Laplace (Gaussian) approxiation¶

This is a widely used technique for Gaussian approximation to a posterior distribution. Which is reasonable since the posterior ofthen becomes Gaussian-like as the sample size increases.

We are interested to find the posterior

\[p(\theta|D ) = \frac{1}{Z} e^{-E(\theta)}\]
  • \(\theta \in R^D\)

  • \(E(\theta) = - \log p(\theta,D)\) is called the energy function and it is equal to the negative log of the unormalized log posterior

  • \(Z = p(D)\) is the normalization constant.

If we Tailor expand expand the energy function at the mode \(\theta^*\) we get:

\[E(\theta) \approx E(\theta^*) + (\theta - \theta^*)^Tg + \frac{1}{2}(\theta - \theta^*)^T H (\theta - \theta^*)\]
  • \(g \triangleq \nabla E(\theta)|_{\theta^*}\) is the gradient of the energy function at the mode

  • \(H \triangleq \frac{\partial^2 E(\theta)}{\partial \theta \partial \theta^T}|_{\theta^*}\) is the Hessian of the energy function evaluated at the mode

Since \(\theta^*\) is the mode, thus the gradient is zero we can simplify this into:

\[\begin{split} \hat{p}(\theta, D) = e^{-E(\theta^*)}[-\frac{1}{2} (\theta - \theta^*)^T H (\theta - \theta^*)] \\ \hat{p}(\theta|D) = \frac{1}{Z} \hat{p}(\theta,D) \propto N(\theta| \theta^*, H^{-1}) \\ Z = e^{-E(\theta^*)} (2\pi)^{D/2} |H|^{-\frac{1}{2}} \end{split}\]

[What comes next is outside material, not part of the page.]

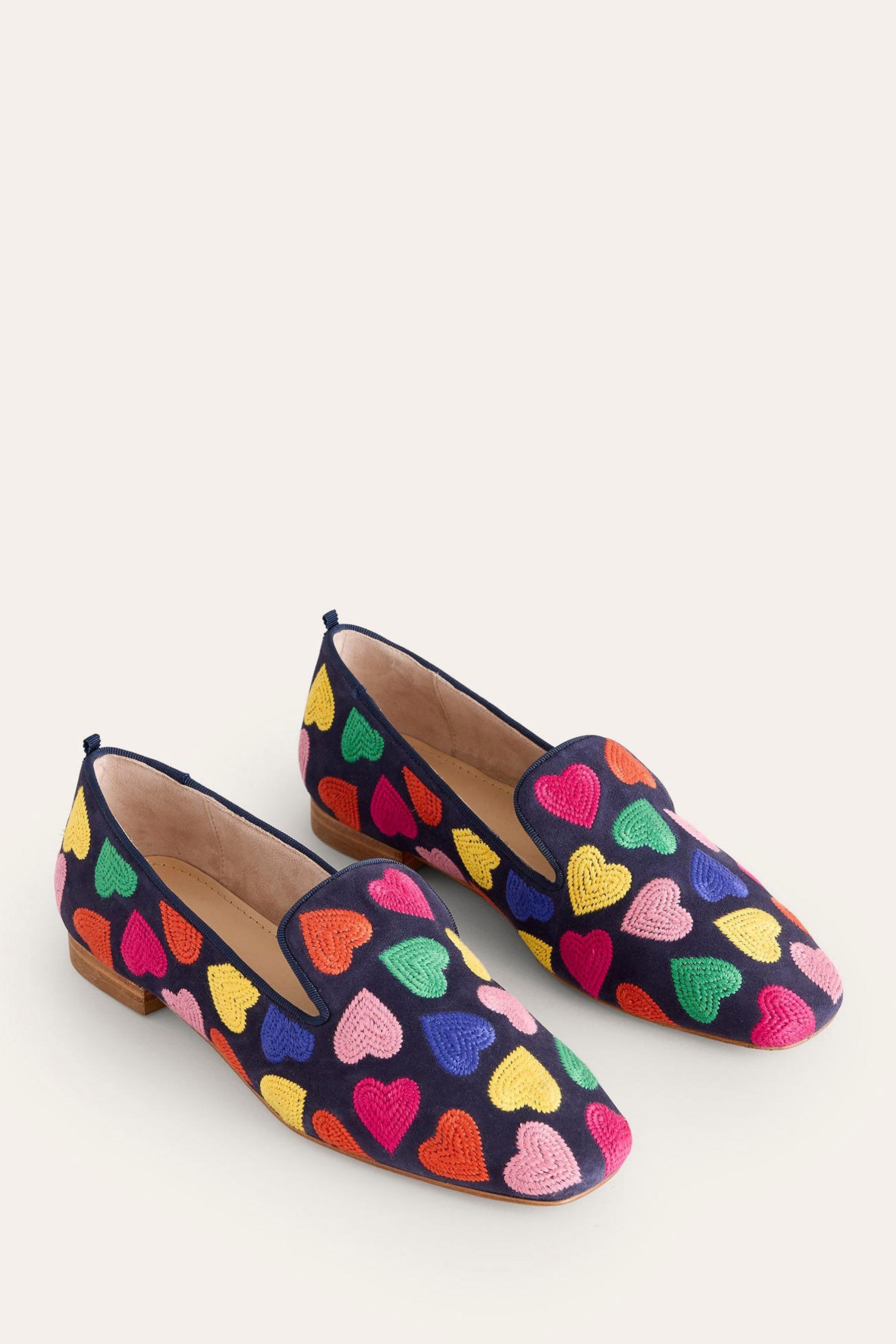 Buy Boden Blue Slipper Cut Heart Loafers from Next Luxembourg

Which is just a Gaussian approximation to the posterior, where the mean of the Gaussian is the mode, and the curvature is given by the inverse of the Hessian at the mode.

This approximation is reasonable since the posterior becomes Gaussian-like if the sample size increases.

Another View¶

We assume that an unnormalized probability density \(P^*(x)\) whose normalizing constant is:

\[Z_P \equiv \int P^* (x)dx\]

and has a peak at point \(x_0\). We then Taylor-expand the logarithm of \(P^*(x)\) arround this peak:

\[\ln P^{*}(x) \simeq \ln P^{*}(x_0) - \frac{c}{2} (x - x_{0})^2 + \cdots \]

where \(c = \frac{\partial ^2}{\partial x^2} \ln P^{*}(x)|_{x = x_0}\)

Then we approximate \(P^*(x)\) by an unnormalized Gaussian

\(Q(x) \equiv P^*(x_0) \exp [- \frac{c}{2}(x - x_0)^2]\)

Next we approximate the normalization constnat \(Z_P\) by the normalizing constant of the Gaussian.

\[Z_Q = P^{*} (x_0) \sqrt{\frac{2 \pi}{c}} \]

Now we can use Q to make prediction. This is widely-used in physics and it is know as the saddle-point approximation.

The Laplace approximation is basis-dependent: if \(x\) is transformed to a nonlinear function \(u(x)\) and the density is transformed to \(P (u) = P (x) |dx/du|\)

This procedure can be generalized into higher dimension.